El tiro con arco en la cultura mongola

El tiro con arco es, sin duda, uno de los aspectos más importantes de las culturas de Asia Central. A lo largo de los siglos, esta tradición militar ha acompañado grandes hitos históricos y, entre ellos, la expansión y conquista de Gengis Khan y los mongoles. Este artículo propone un viaje a través de la sociedad mongola y sus guerreros para conocer uno de los periodos más interesantes de la Edad Media.

Existen dos elementos que son determinantes a la hora de definir la cultura mongola en la historia, y estos son el arco y el caballo. Los pueblos nómadas de la estepa de Asia Central se caracterizaban por haber incorporado la combinación de ambos a su modo de vivir, tanto en la guerra como en la paz. El tiro con arco a caballo no se utilizó únicamente como actividad militar, sino también para cazar y cuidar los rebaños, y los jinetes y sus animales formaban parte del día a día.
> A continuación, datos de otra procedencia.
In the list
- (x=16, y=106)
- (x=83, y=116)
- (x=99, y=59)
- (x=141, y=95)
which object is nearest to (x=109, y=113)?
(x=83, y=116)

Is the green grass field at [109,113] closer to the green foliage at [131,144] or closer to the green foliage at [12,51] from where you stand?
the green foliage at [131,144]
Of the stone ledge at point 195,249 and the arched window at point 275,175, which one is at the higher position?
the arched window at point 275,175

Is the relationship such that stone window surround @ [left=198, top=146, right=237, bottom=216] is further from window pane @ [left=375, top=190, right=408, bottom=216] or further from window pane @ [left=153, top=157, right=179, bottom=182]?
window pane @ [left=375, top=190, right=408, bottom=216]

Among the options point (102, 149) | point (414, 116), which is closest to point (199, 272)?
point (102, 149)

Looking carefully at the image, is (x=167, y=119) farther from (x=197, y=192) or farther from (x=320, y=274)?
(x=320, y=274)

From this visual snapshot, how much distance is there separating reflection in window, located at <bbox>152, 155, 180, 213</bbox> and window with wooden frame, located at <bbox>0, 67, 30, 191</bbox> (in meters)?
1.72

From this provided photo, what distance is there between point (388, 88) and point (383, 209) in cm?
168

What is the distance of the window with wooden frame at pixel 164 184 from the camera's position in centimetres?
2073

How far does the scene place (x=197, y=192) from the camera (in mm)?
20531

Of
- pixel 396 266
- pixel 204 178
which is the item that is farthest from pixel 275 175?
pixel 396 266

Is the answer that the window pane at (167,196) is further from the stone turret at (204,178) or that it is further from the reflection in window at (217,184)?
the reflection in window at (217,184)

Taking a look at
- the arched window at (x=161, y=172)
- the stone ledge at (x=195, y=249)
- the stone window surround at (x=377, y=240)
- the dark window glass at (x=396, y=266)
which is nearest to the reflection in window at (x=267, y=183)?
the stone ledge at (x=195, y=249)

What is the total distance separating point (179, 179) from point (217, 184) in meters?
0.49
Entre todos estos pueblos, los que son más conocidos por practicar el tiro con arco a caballo con fines guerreros son los mongoles, pero desde luego no fueron los únicos.

La historia del tiro con arco a caballo

Las primeras evidencias que tenemos del uso del tiro con arco a caballo están unidas a los escitas, una cultura nómada de origen indoiranio cuya actividad se localizó en lo que ahora conocemos como estepa póntica. Este territorio, que abarca desde el norte del Mar Negro hasta el sur de los Montes Urales, estuvo dominado por los escitas desde el siglo VII AEC1 hasta el III AEC, aproximadamente. El historiador griego Heródoto ya nos habla de los escitas y de sus jinetes arqueros en el siglo V AEC, y al parecer le sorprendía mucho su habilidad y su técnica, que no se había visto en el Mediterráneo antiguo por preferirse el carro de guerra, usado por asirios y egipcios.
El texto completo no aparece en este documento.